Geçmiş fotoğraflarınıza bakarken, bugüne gelmenize ne ve kimler yardımcı oldu, onları fark edin. Onların sizinle ilgili düşünceleri neydi? Bu insanlar arasında size rol model olabilecek var mı? Hatta hayatınızda bu konuda kendinize örnek alabileceğiniz rol modeller var mı? Varsa ulaşmaktan çekinmeyin. Çocukluğunuzdan bu yana karakterinizde hoşunuza giden şeyler neler? Bunları neden sevdiğinizi değerlendirin. Sizi bugüne getiren azim, kararlılık, dürtü, enerji neydi, bunları anlayın. Özetle bu konudaki perspektifinizi bilinçsiz önyargılarla da savaşarak tamamen değiştirin…
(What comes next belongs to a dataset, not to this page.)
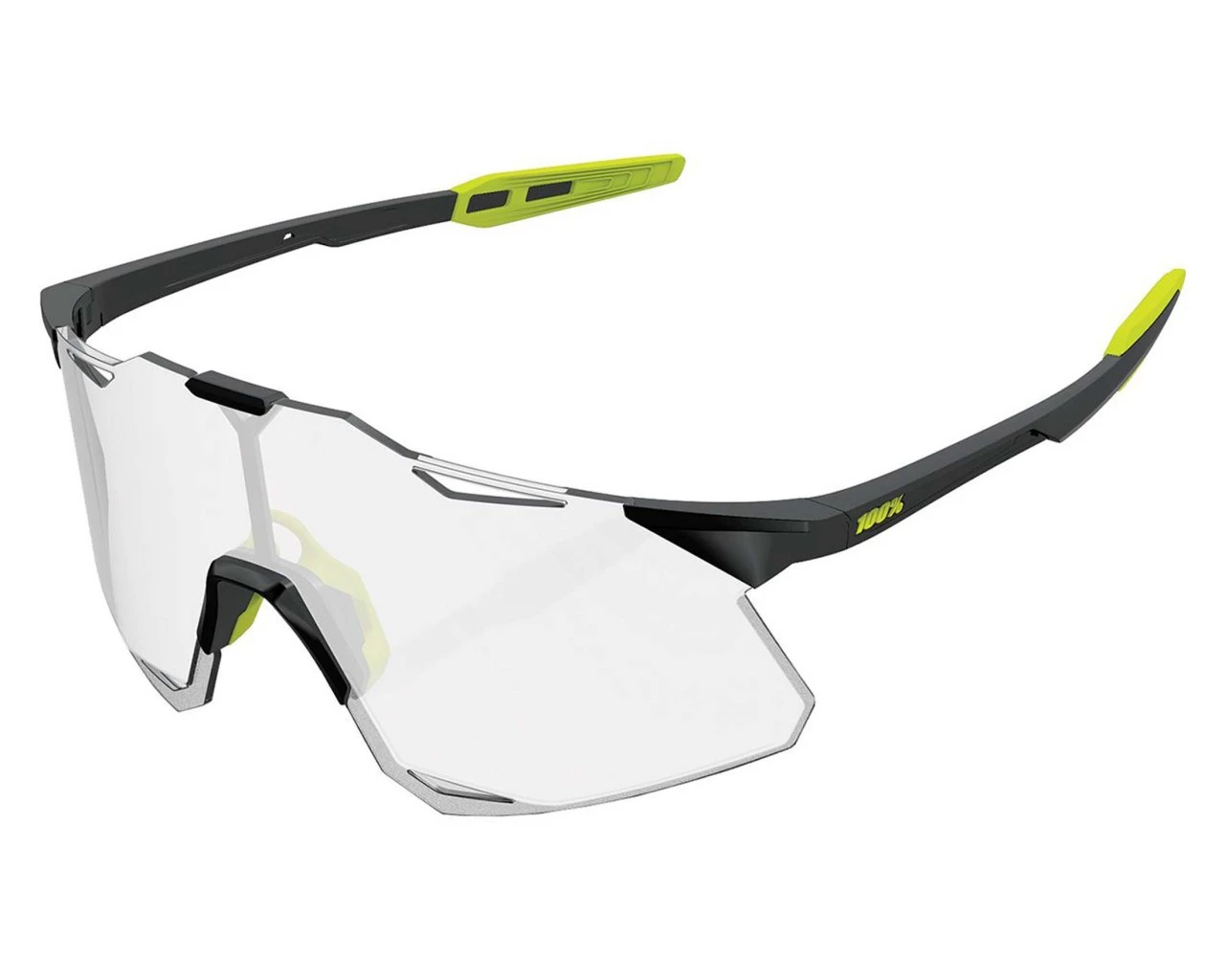 100% Hypercraft - Photochromic Lens Sportsonnenbrille | Gloss Black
Unutmayın kadınlar yüzyıllar boyunca hep susturuldu, hep bastırıldı. Hala çağımızda hak ettikleri yerlerde erkeklerle aynı koşullarda güç sahibi olamıyorlar. Ancak unutmayın, dünyanın daha çok kadın önderlere ihtiyacı var. Bu liderlik öncelikle kadının kadına olan yardımı ve değişimin bir parçası olmasıyla mümkün.

Bu yazıyı 2013 yılında İstanbul-Balıkesir yolculuğunda kazandığım kız kardeşim A.Y.’ye ne kadar başarılı bir kadın olduğunu ve hayatta her şeyin üstesinden gelebileceğini hatırlatarak bitirmek istiyorum.

İlginizi çekebilir: Senin hikayen ne: Kendi hikayenizi anlatırken nelere dikkat etmelisiniz?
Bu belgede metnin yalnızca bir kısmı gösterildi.